→ **Records for the exercise**
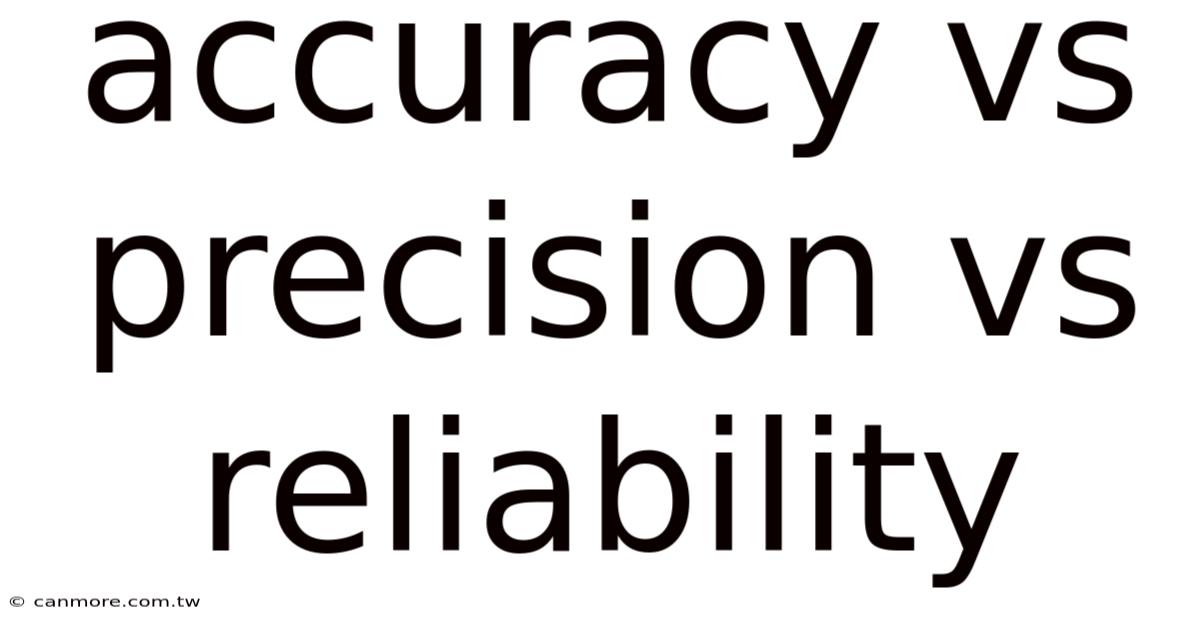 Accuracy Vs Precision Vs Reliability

---

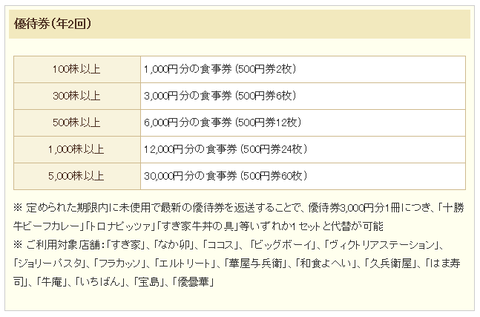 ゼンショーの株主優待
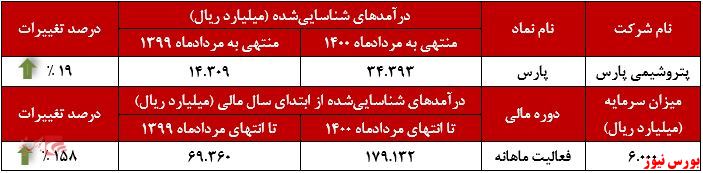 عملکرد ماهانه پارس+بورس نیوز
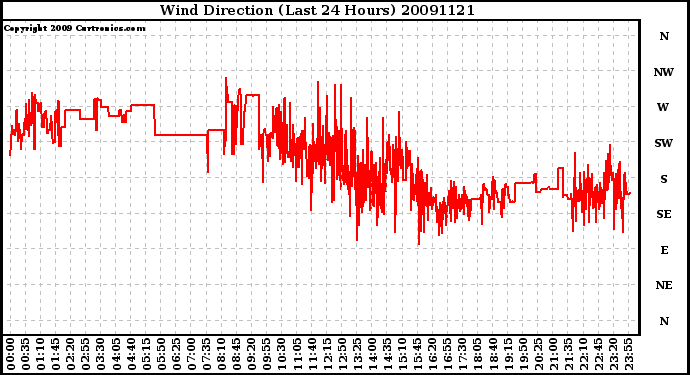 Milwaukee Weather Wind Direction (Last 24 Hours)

→ **Exercise requirements**
Looking at the listing above, which lines run from the one containing "عملکرد ماهانه پارس+بورس نیوز" through the one containing "Milwaukee Weather Wind"? Print exactly those, ends included, pictures excluded.

→ **Response to the task**
 عملکرد ماهانه پارس+بورس نیوز
 Milwaukee Weather Wind Direction (Last 24 Hours)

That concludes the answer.